Ameer and Raees Cajee, a pair of South African brothers who built one of Africa’s largest cryptocurrency exchanges before seemingly absconding with nearly $4 billion in customer deposits still can’t be located, yet a lawyer who claims to represent them says they “categorically deny” stealing the coins, even though nobody – not even their family members – appears to know where they are.
A “to let” sign can be seen in the storefront office in Johannesburg’s upmarket Rosebank business hub where Africrypt’s offices were once situated.
The lawyer who claims to be representing the brothers told the BBC that theey stand by their claims that the exchange was “hacked”, which they first revealed to some clients and employees back in April. When asked why the brothers urged clients not to go to the police, the lawyer said the two young men are only 18 and 20, and don’t have a lot of life experience.

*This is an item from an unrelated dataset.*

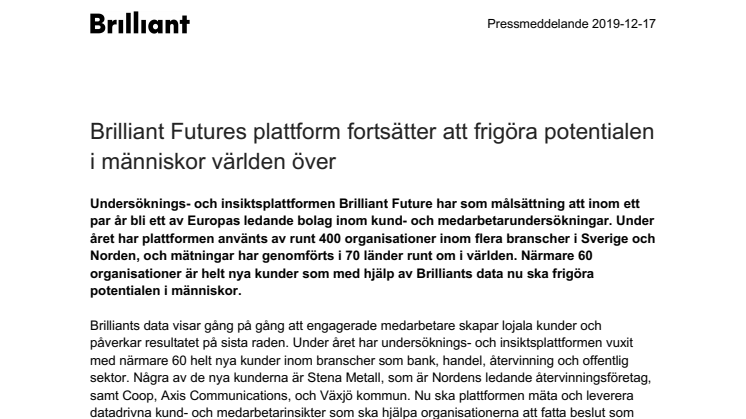 Brilliant Futures plattform fortsätter att frigöra potentialen i människor världen över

Lawyer John Oosthuizen, who represents Raees and Ameer Cajee, told the BBC the brothers “categorically denied” they had been involved in a “heist” or had absconded with funds.
“There is no foundation to the accusation and there’s no merit to those accusations,” he said.

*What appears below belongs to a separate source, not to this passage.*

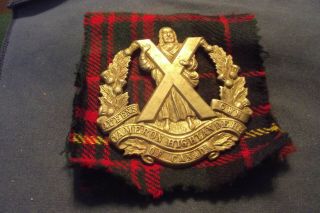 Ww Ii/pre/ww Ii Cap Badge To The Queens Own Cameron Highlanders Of Canada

“They maintain that it was a hack, and they were fleeced of these assets,” he added.
Asked by the BBC if the brothers had contacted the police after the alleged hack, Mr Oosthuizen said: “No.”
But he added that they were young men aged 18 and 20 with “very little life experience”.
When pressed, the lawyer said he hadn’t heard from the brothers in weeks, and didn’t know their whereabouts. Though he claimed the brothers had received “death threats” and suggested that they were in hiding. He also said Africrypt was working to prepare a dossier to demonstrate to the authorities that Africrypt had been hacked and the brothers had been the victim of theft.
Their lawyer also said the brothers would cooperate if contacted by investigators, though he said they hadn’t yet been contacted (perhaps because nobody, not even the police, it seems, knows where they are).
Attorney Gerhard Botha, who’s working on the firm’s liquidation case and representing many of the Africrypt clients who were fleeced out of their money, said some of his clients last reported contact with the brothers in May.
The brothers’ cousin, Zakira Laher, told Bloomberg that she hasn’t spoke to either of them since April, when Africrypt closed down following the brothers’ revelation of the alleged hack that had drained its crypto. While the 31-year-old Laher said she briefly worked for the brothers, her role was mostly providing legal advice and doing some administrative work. She did mention that the brothers preferred a “nice lifestyle” filled with luxury cars and traveling – habits acquired following their early success with crypto.
The Cajee brothers have until July 19 to reply to proceedings at the Johannesburg High Court. According to BBG, Africrypt investor marketing materials paint Raees Cajee, the younger brother, as a prodigy. He was first introduced to Bitcoin in 2009 and started a business when he was 13 years old, it said. Africrypt invested capital “in a variety of crypto currencies which the parties have verbally discussed and understood.” In a statement from one investor, they claimed that the brothers promised a five-fold return to its investors.
The FCA, the UK’s main market regulator, said it’s hands are tied, and it has no jurisdiction to investigate the collapse of Africrypt.